GIVEN INFORMATION:
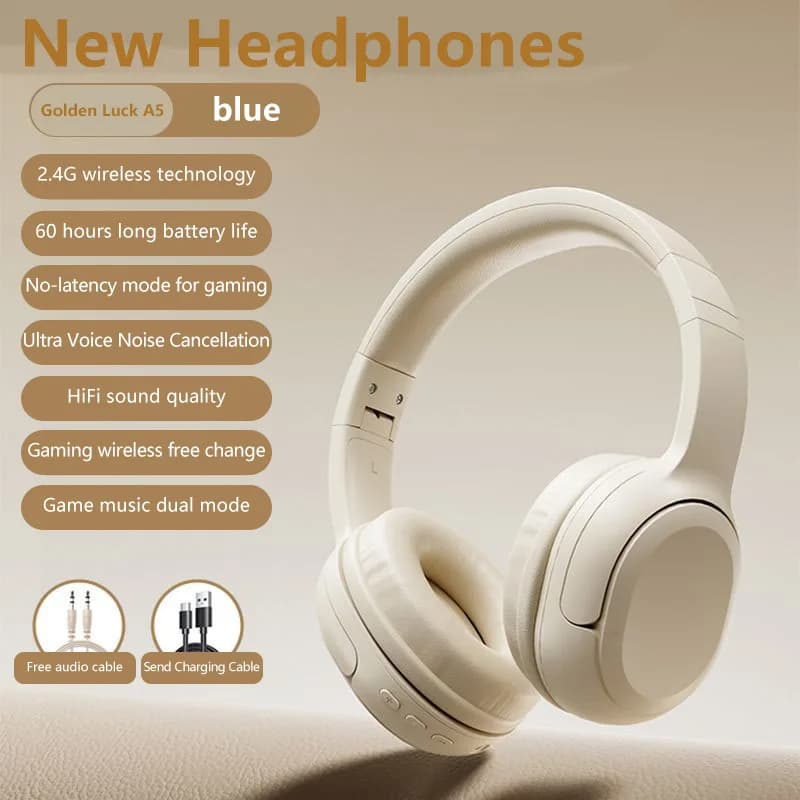 Kinglucky A5 Over-Ear Open-Back Headphones, back view 1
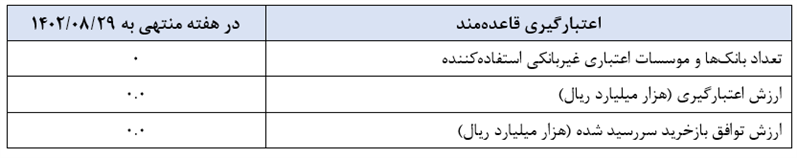 گزارش عملیات اجرایی سیاست پولی گزارش عملیات اجرایی سیاست پولی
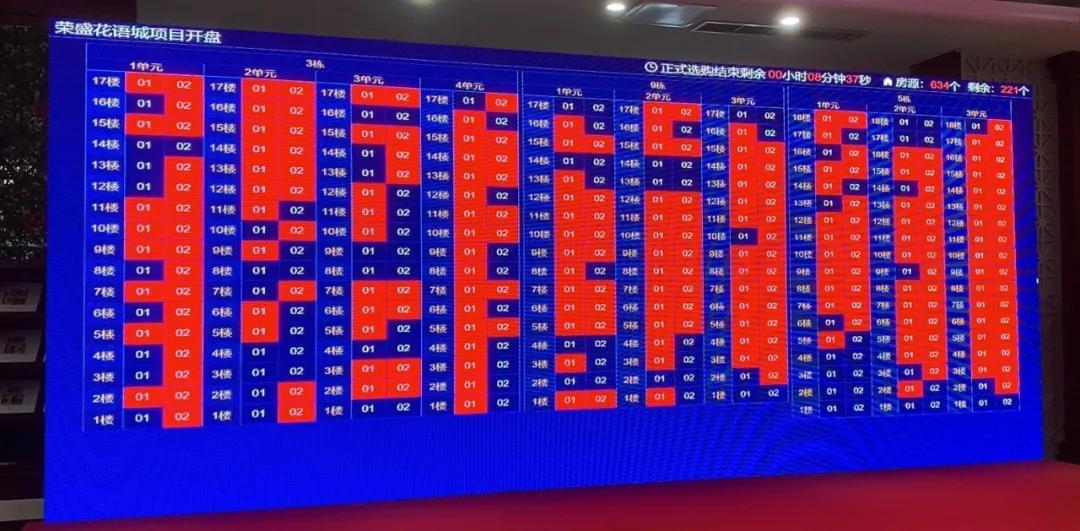 沧州小区房价最新排名及其背后的温馨故事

WHAT THE EXERCISE ASKS: Would you repeat each line of the listing exactly, skipping any picture?

PROBLEM SOLUTION:
 Kinglucky A5 Over-Ear Open-Back Headphones, back view 1
 گزارش عملیات اجرایی سیاست پولی گزارش عملیات اجرایی سیاست پولی
 沧州小区房价最新排名及其背后的温馨故事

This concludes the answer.